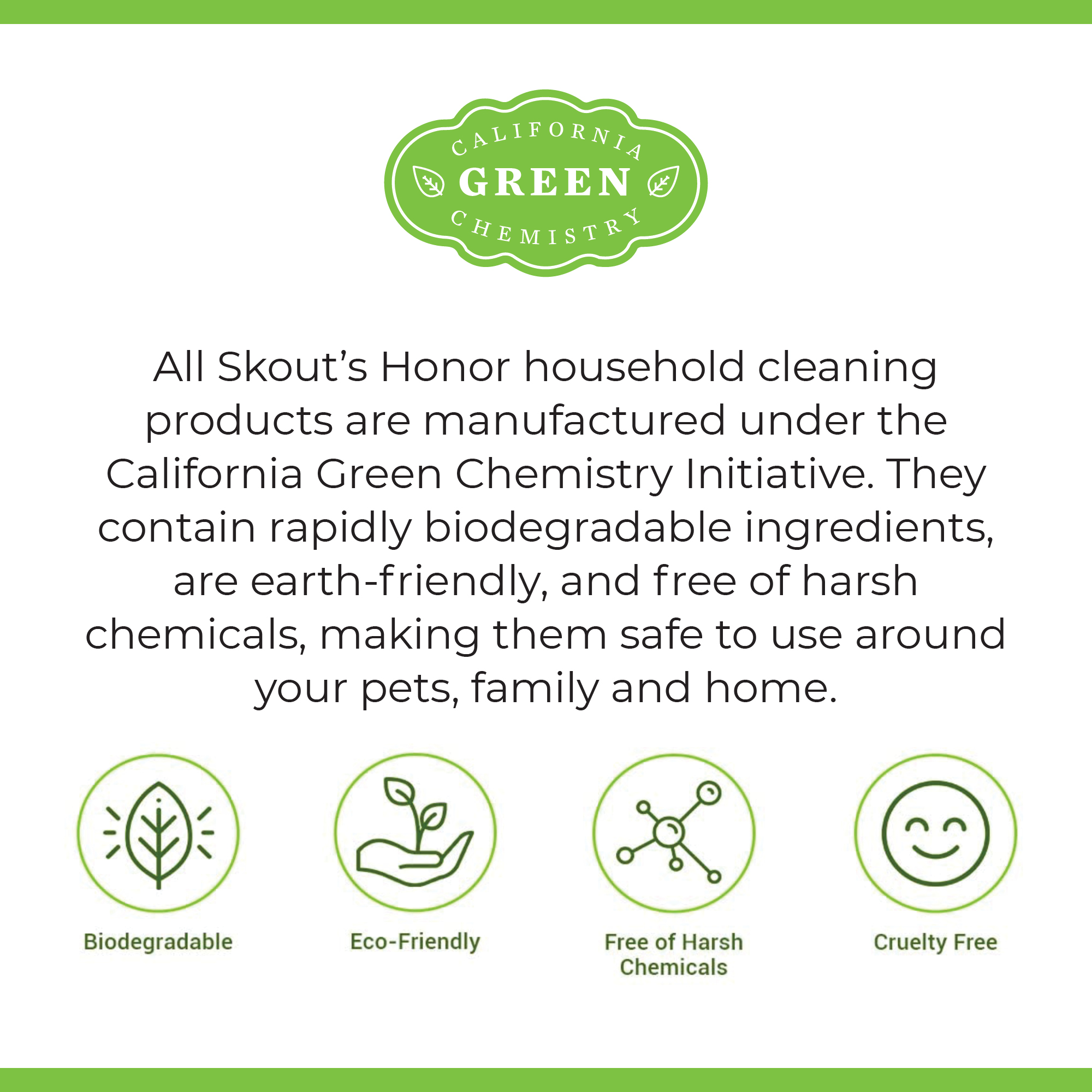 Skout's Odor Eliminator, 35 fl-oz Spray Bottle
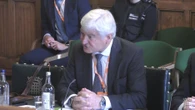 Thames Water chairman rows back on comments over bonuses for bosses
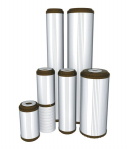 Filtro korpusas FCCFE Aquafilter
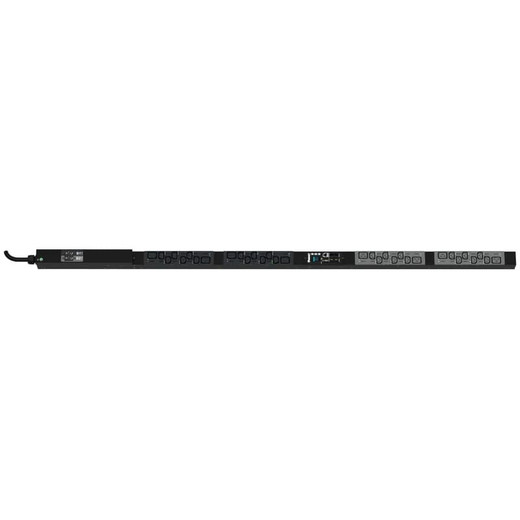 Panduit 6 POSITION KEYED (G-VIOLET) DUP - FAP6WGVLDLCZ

-*-

> **The problem**: Transcribe every line of the listing above exactly; skip the pictures.

> **Response to the task**:
 Skout's Odor Eliminator, 35 fl-oz Spray Bottle
 Thames Water chairman rows back on comments over bonuses for bosses
 Filtro korpusas FCCFE Aquafilter
 Panduit 6 POSITION KEYED (G-VIOLET) DUP - FAP6WGVLDLCZ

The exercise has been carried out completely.